» Try it: The range runs from the line containing "Jardin Frontal a la Carretera central" through the last line of the material below; retype it exactly, leaving out the pictures.

» Entries supplied:
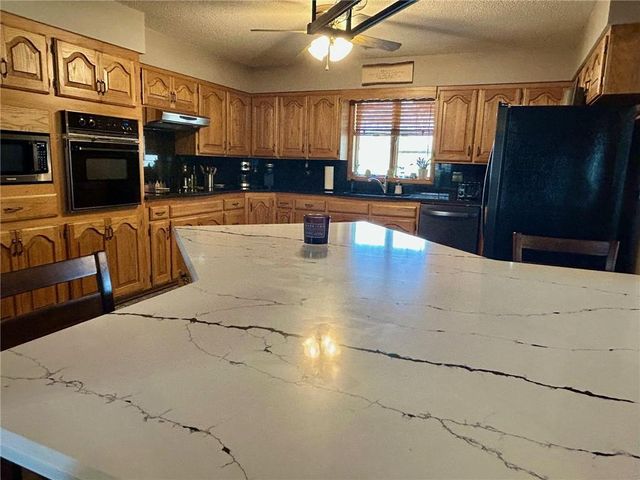 212 N Grant Street, Erie, KS 66733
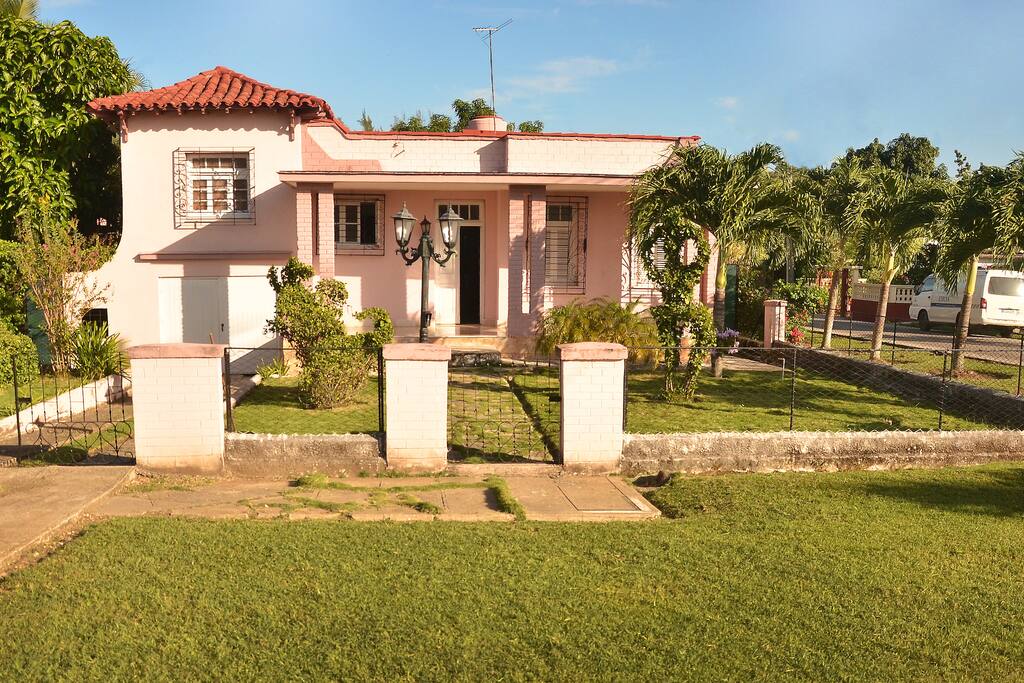 Jardin Frontal a la Carretera central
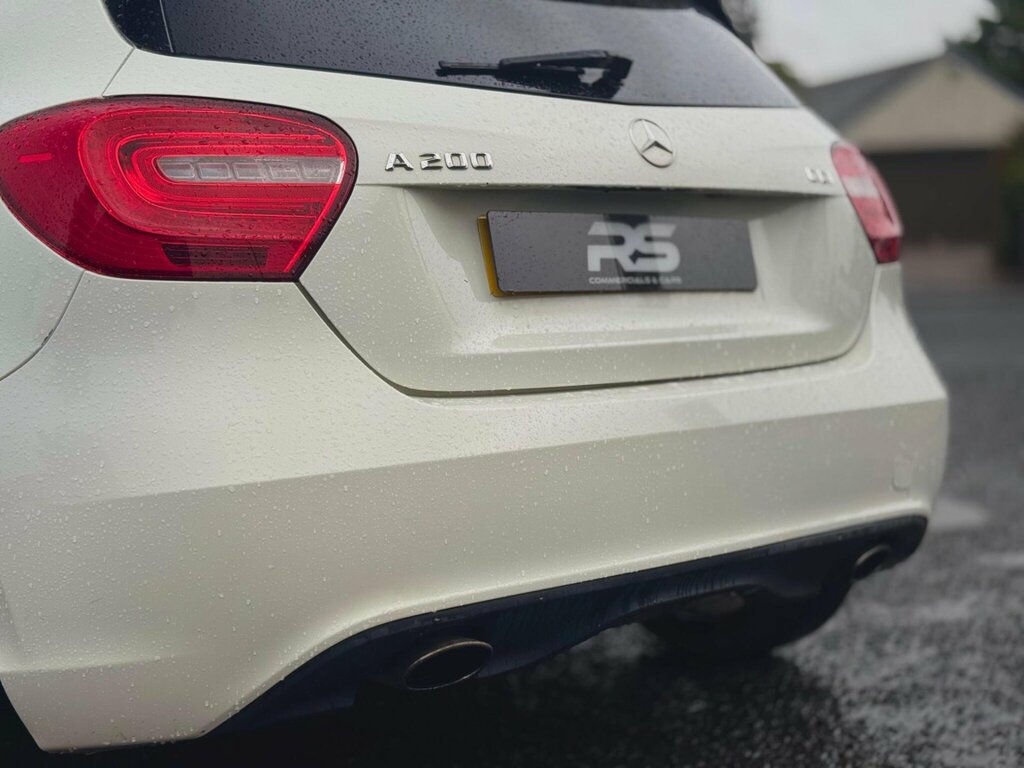 Mercedes-Benz A Class 2.0 A250 Blueefficiency Engineered By Amg Hatchbac Grey #18
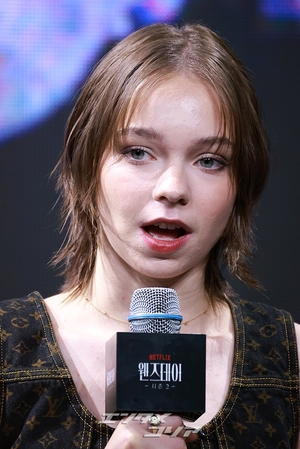 【フォト】ジェナ・オルテガ＆エマ・マイヤーズ「一緒に楽しく」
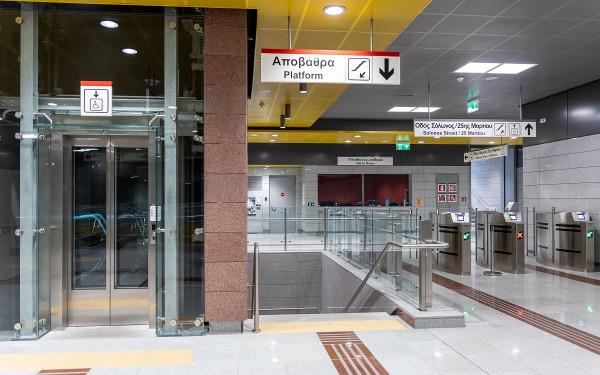 Θεσσαλονίκη: Επιβάτης  του μετρό εγκλωβίστηκε σε ανελκυστήρα σταθμού λόγω διακοπής ρεύματος (βίντεο)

» Exercise solution:
 Jardin Frontal a la Carretera central
 Mercedes-Benz A Class 2.0 A250 Blueefficiency Engineered By Amg Hatchbac Grey #18
 【フォト】ジェナ・オルテガ＆エマ・マイヤーズ「一緒に楽しく」
 Θεσσαλονίκη: Επιβάτης  του μετρό εγκλωβίστηκε σε ανελκυστήρα σταθμού λόγω διακοπής ρεύματος (βίντεο)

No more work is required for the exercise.